**Work instructions**
Below are some records. Write out exactly their lines from the one with "Tênis Vans Unissex Ultrarange Vr3 Premium" through the one with "Sneaker bassa di Reebok in nero", and leave the pictures behind.

**Extracted records**

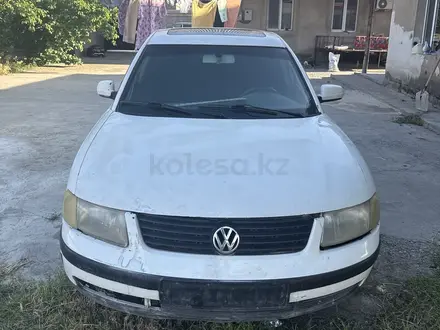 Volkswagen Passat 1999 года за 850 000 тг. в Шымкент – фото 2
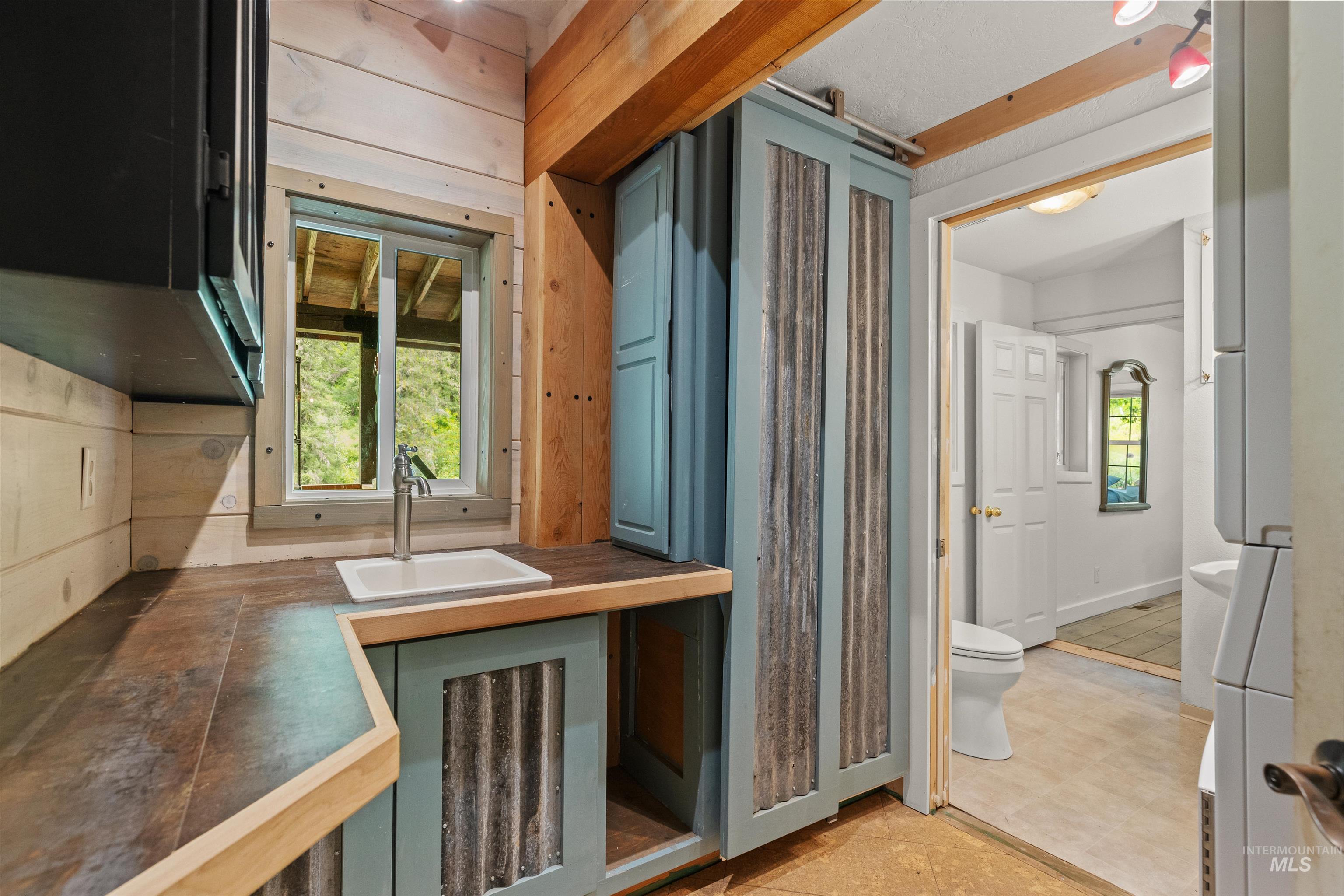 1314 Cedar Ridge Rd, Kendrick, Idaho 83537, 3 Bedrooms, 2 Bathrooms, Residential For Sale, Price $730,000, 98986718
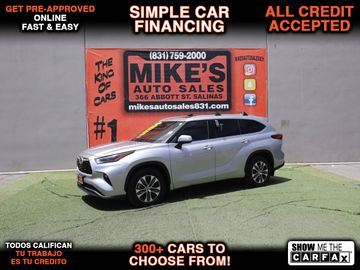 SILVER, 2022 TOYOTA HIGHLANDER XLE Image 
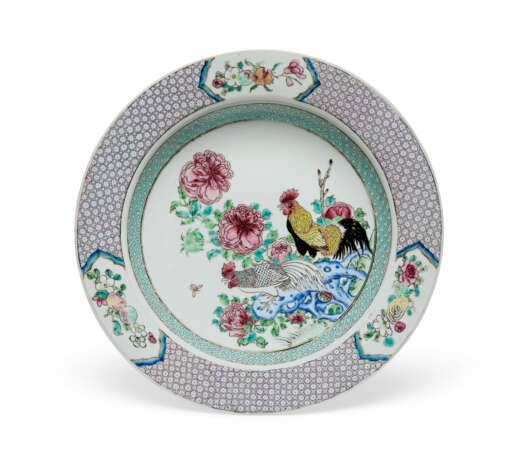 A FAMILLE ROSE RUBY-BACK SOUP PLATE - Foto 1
--
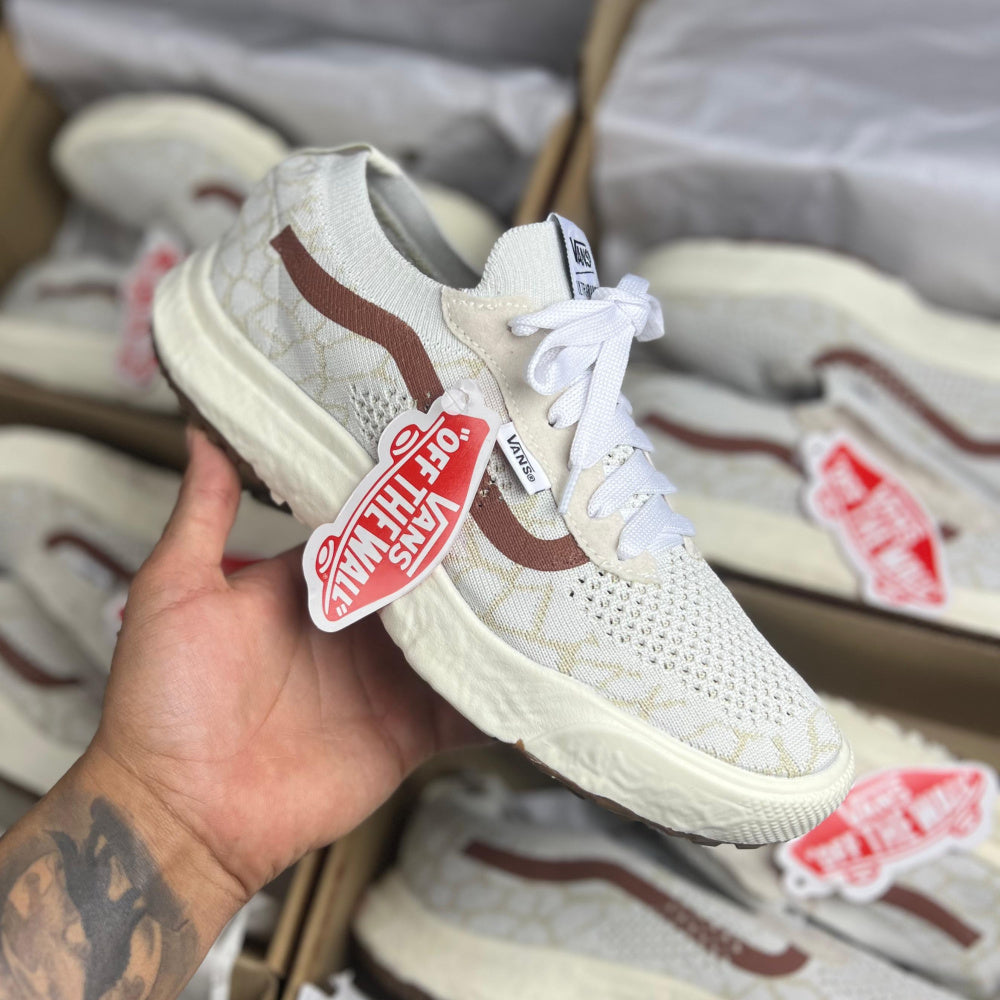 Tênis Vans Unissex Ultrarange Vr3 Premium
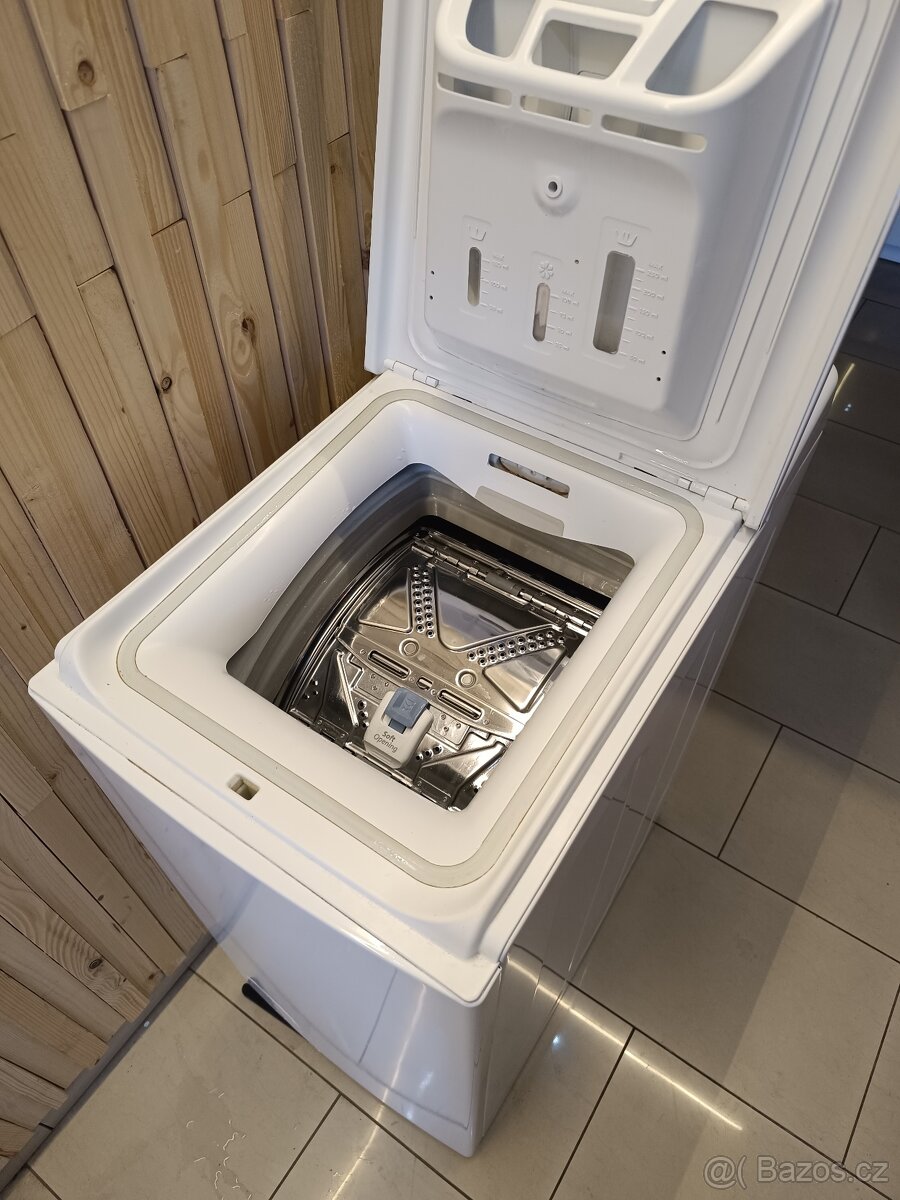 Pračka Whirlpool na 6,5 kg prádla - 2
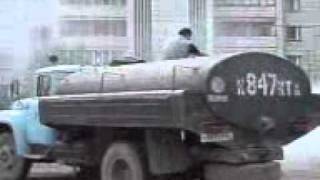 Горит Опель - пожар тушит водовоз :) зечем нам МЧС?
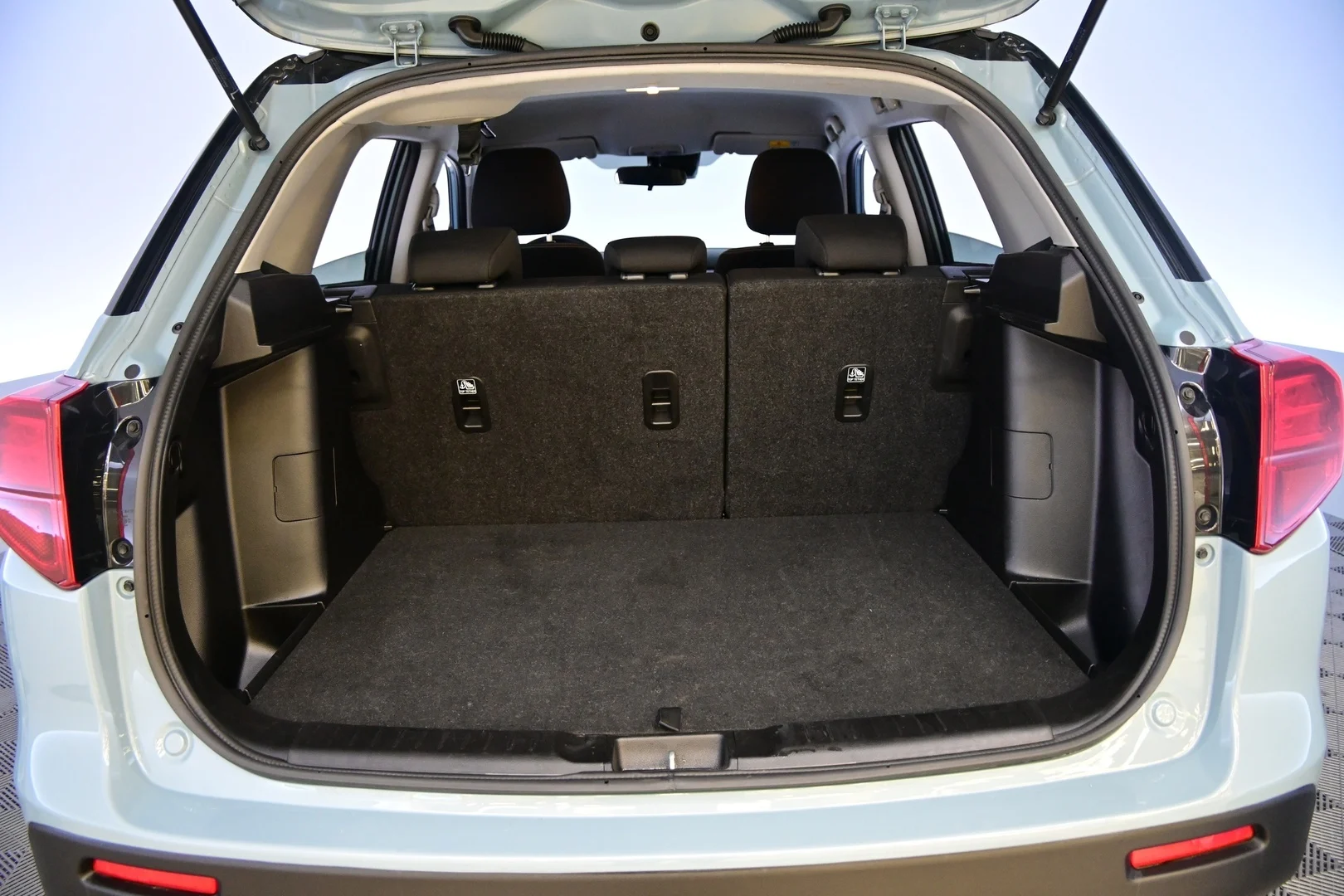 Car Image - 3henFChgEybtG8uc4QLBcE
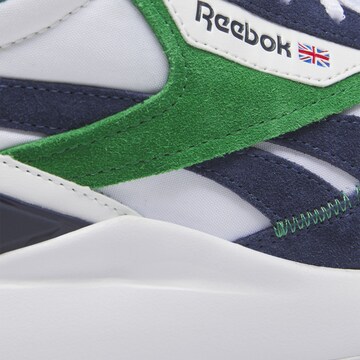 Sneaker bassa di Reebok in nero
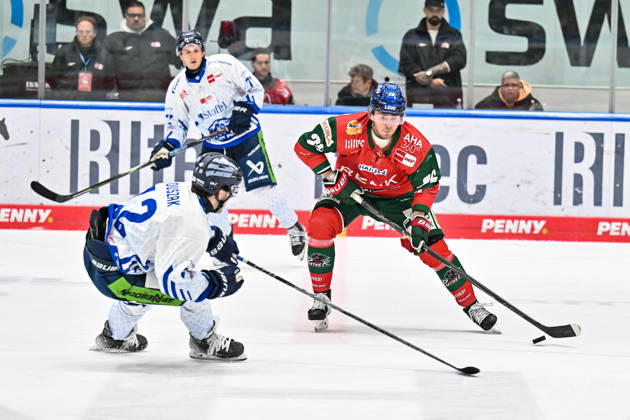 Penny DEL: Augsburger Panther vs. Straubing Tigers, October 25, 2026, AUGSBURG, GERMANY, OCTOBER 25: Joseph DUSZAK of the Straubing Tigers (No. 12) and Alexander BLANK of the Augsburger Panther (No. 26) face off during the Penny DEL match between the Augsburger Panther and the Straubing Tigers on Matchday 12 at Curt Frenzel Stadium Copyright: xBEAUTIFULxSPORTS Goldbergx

**Answer to the problem**
 Tênis Vans Unissex Ultrarange Vr3 Premium
 Pračka Whirlpool na 6,5 kg prádla - 2
 Горит Опель - пожар тушит водовоз :) зечем нам МЧС?
 Car Image - 3henFChgEybtG8uc4QLBcE
 Sneaker bassa di Reebok in nero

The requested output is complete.